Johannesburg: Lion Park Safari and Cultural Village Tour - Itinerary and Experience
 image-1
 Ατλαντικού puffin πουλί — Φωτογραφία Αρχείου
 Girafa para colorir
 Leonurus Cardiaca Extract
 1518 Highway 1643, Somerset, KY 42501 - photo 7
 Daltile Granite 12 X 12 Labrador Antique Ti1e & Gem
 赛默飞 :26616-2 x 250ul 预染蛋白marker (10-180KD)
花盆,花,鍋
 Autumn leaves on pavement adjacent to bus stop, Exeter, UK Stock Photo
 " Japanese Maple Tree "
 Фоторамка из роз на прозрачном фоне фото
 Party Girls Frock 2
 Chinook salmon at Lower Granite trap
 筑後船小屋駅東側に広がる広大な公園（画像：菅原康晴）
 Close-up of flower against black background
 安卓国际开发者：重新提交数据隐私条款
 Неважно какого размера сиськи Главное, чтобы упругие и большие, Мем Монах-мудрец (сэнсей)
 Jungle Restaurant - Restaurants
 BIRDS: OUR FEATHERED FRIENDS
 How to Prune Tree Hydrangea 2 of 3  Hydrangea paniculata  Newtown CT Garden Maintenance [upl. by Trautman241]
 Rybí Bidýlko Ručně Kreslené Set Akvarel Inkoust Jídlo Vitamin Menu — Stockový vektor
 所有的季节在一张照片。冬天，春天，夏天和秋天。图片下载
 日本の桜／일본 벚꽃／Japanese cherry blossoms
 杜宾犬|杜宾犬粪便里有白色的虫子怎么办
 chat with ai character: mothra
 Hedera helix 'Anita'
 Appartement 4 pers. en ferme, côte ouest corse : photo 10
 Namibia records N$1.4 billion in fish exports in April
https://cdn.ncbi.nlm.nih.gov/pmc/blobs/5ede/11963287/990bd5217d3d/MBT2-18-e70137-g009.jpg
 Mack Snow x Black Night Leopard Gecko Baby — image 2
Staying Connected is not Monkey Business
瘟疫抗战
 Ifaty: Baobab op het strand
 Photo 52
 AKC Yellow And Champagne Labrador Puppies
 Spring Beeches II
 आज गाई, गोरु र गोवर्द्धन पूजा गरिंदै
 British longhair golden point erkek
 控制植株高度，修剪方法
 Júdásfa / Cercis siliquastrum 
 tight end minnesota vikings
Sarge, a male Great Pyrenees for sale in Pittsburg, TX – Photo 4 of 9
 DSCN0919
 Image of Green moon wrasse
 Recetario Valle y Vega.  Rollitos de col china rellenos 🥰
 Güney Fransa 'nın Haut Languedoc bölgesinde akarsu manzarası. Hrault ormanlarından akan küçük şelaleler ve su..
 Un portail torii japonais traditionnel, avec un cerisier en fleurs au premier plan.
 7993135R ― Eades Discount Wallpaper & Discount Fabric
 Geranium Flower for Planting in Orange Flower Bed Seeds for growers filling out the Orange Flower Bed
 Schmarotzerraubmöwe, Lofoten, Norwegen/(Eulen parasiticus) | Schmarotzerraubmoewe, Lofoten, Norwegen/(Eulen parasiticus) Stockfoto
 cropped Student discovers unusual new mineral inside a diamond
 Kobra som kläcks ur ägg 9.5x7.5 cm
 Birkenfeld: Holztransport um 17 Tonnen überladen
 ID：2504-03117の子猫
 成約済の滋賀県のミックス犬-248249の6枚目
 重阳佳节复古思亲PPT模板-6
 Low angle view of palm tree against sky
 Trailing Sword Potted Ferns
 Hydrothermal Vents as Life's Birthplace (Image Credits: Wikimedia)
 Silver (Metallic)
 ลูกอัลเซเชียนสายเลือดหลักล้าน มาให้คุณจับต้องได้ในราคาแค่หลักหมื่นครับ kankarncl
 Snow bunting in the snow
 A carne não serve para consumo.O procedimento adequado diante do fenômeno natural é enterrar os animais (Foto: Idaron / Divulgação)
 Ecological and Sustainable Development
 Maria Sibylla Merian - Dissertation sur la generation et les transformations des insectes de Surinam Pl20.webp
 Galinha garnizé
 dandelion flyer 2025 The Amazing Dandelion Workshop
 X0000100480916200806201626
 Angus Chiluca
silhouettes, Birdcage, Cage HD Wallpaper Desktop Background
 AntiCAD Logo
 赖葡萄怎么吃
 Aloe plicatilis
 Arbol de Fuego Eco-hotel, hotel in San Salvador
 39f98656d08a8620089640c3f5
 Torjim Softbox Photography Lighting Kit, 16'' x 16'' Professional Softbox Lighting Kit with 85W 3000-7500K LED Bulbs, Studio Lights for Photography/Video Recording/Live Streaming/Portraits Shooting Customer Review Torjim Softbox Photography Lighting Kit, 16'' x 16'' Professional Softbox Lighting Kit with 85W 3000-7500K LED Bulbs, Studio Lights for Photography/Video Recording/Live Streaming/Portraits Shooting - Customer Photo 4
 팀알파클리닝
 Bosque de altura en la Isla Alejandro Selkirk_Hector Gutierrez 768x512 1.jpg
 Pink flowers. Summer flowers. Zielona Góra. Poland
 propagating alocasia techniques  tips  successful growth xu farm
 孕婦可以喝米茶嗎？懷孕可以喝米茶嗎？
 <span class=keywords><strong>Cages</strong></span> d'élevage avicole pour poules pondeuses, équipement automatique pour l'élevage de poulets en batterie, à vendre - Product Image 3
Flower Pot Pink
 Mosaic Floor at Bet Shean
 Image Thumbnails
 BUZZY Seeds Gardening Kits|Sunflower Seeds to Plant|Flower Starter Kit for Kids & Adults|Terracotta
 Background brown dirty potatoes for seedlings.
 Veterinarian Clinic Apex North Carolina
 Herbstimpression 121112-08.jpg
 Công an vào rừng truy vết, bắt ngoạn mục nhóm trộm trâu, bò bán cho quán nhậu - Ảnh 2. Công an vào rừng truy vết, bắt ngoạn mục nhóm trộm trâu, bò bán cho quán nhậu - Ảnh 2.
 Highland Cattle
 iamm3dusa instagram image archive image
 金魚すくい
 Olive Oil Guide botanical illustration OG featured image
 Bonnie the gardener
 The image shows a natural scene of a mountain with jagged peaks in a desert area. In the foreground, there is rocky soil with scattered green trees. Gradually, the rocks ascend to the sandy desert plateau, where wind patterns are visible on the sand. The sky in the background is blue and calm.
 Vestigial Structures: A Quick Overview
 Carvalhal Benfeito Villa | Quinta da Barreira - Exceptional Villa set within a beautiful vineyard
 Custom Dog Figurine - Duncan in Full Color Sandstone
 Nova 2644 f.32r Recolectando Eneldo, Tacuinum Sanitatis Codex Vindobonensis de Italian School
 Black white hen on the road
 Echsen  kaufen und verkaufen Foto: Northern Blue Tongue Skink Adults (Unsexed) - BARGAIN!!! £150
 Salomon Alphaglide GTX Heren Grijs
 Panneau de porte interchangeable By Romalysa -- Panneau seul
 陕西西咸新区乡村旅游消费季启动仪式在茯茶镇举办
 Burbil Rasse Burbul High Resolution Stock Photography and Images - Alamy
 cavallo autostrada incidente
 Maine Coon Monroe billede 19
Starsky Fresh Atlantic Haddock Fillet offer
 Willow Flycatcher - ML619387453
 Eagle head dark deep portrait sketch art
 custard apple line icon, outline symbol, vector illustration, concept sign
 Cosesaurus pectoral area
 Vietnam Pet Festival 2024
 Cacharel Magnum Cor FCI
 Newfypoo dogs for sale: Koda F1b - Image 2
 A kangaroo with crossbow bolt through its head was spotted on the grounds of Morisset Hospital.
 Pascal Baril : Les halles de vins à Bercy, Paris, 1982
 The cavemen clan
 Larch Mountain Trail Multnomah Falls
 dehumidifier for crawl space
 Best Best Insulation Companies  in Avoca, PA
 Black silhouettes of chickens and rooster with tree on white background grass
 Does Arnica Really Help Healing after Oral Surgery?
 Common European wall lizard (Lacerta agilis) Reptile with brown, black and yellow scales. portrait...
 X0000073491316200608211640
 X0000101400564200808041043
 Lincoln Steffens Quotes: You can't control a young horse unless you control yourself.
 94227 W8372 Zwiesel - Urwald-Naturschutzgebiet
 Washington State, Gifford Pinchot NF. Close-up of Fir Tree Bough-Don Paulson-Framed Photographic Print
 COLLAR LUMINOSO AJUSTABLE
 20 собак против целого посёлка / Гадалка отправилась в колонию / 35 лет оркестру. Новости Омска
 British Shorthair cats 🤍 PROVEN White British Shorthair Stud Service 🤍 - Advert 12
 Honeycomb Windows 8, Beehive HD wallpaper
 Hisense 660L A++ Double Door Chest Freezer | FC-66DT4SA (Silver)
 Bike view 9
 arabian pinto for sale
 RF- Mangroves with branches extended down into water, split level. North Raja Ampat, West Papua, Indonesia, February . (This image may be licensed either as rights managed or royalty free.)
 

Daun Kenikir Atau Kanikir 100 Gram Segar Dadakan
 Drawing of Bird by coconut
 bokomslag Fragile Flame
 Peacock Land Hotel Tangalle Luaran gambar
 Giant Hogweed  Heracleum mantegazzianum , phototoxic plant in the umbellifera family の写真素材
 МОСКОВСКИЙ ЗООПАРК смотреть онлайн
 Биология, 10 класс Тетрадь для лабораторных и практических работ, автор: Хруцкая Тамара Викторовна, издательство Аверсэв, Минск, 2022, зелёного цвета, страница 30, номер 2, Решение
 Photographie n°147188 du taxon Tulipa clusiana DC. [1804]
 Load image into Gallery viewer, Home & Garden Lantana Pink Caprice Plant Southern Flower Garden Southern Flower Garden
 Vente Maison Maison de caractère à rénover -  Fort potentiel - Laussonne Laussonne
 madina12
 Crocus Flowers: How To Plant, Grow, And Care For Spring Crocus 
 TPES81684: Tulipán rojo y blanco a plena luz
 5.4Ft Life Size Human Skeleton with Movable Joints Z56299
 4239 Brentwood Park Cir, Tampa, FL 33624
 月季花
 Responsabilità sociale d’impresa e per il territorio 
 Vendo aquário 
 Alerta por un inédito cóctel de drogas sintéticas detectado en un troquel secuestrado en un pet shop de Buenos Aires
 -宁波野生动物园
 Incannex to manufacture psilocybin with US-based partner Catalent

(Exercise directions)
Output the lines above between the one holding "孕婦可以喝米茶嗎？懷孕可以喝米茶嗎？" and the one holding "Vestigial Structures: A Quick Overview", inclusive, with nothing before or after them.

(Response to this exercise)
 孕婦可以喝米茶嗎？懷孕可以喝米茶嗎？
 <span class=keywords><strong>Cages</strong></span> d'élevage avicole pour poules pondeuses, équipement automatique pour l'élevage de poulets en batterie, à vendre - Product Image 3
Flower Pot Pink
 Mosaic Floor at Bet Shean
 Image Thumbnails
 BUZZY Seeds Gardening Kits|Sunflower Seeds to Plant|Flower Starter Kit for Kids & Adults|Terracotta
 Background brown dirty potatoes for seedlings.
 Veterinarian Clinic Apex North Carolina
 Herbstimpression 121112-08.jpg
 Công an vào rừng truy vết, bắt ngoạn mục nhóm trộm trâu, bò bán cho quán nhậu - Ảnh 2. Công an vào rừng truy vết, bắt ngoạn mục nhóm trộm trâu, bò bán cho quán nhậu - Ảnh 2.
 Highland Cattle
 iamm3dusa instagram image archive image
 金魚すくい
 Olive Oil Guide botanical illustration OG featured image
 Bonnie the gardener
 The image shows a natural scene of a mountain with jagged peaks in a desert area. In the foreground, there is rocky soil with scattered green trees. Gradually, the rocks ascend to the sandy desert plateau, where wind patterns are visible on the sand. The sky in the background is blue and calm.
 Vestigial Structures: A Quick Overview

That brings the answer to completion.